The immune-mediated mechanisms behind the reduced carriage after Hib and pneumococcal conjugate vaccination still remain contradictory. Both IgA- and IgG-mediated mucosal immunity have been suggested to prevent colonization. In animal studies, intranasal administration of human anti-Hib antibodies in an infant rat model prevented colonization (Kauppi et al. 1993), suggesting that local antibodies play an important role. However, IgA and IgG were both effective, indicating that both isotypes prevent colonizations if sufficiently high concentrations are achieved in the nasopharynx. Furthermore, a high dose of IgG given intraperitoneally also can prevent colonization (Kauppi et al. 1993), suggesting that high systemic IgG concentrations would, indeed, leak into mucosal secretions. Moreover, studies with S. pneumoniae show that intralitter spread of colonization from one infant rat to another was prevented by anti-capsular antibodies given subcutaneously (Malley et al. 1998).

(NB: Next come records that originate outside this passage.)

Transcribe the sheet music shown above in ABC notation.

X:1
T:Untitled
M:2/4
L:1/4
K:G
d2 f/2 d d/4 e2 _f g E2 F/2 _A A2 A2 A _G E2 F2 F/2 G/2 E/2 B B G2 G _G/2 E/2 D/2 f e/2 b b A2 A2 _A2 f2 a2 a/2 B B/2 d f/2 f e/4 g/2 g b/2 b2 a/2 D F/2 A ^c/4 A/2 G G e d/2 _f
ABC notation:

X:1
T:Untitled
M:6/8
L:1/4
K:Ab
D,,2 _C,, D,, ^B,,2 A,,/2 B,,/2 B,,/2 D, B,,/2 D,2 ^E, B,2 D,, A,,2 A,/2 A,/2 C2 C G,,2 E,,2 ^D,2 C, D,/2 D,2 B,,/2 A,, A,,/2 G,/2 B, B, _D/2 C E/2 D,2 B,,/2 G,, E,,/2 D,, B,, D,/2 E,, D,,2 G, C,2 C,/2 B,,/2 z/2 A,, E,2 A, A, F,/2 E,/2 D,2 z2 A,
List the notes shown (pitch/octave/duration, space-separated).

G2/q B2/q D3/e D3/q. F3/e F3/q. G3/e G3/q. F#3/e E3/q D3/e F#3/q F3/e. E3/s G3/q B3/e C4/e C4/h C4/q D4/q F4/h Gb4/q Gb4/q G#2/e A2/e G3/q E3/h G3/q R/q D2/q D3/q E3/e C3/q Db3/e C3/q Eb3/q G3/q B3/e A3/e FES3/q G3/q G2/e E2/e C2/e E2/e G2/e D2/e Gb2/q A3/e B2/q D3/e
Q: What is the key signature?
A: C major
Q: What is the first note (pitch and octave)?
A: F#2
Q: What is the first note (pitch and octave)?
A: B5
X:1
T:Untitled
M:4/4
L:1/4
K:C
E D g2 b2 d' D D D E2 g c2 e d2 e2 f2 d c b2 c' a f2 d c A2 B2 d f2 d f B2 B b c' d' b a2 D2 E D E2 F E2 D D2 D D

Human studies on passive immuno-prophylaxis have also suggested that systemic, pneumococcal PS-specific IgG may protect from pneumococcal AOM in high-risk children, even without stimulation of specific local immunity (Schurin et al. 1993). On the other hand, the presence of pathogen-specific anti-capsular S-IgA in the middle-ear fluid even at the onset of acute otitis media seems to be beneficial for the resolution of the disease (Sloyer et al. 1974, Sloyer et al. 1976, Karjalainen et al.1990). Together, these findings suggest that capsular polysaccharide specific antibodies of both isotypes, IgA and IgG, are beneficial in defence against colonization and acute otitis media; the exact role for the two isotypes still remaining somewhat obscure. Nevertheless, the improved serum IgG responses to PS antigens achieved with the conjugate vaccines in the first years of life may well explain the reduced colonization (Robbins et al. 1995 and 1996). However, these studies could not demonstrate IgG responses in salivary secretions in toddlers. Studies looking more specifically at this issue are still needed to clarify the role of IgA and IgG in mucosal protection.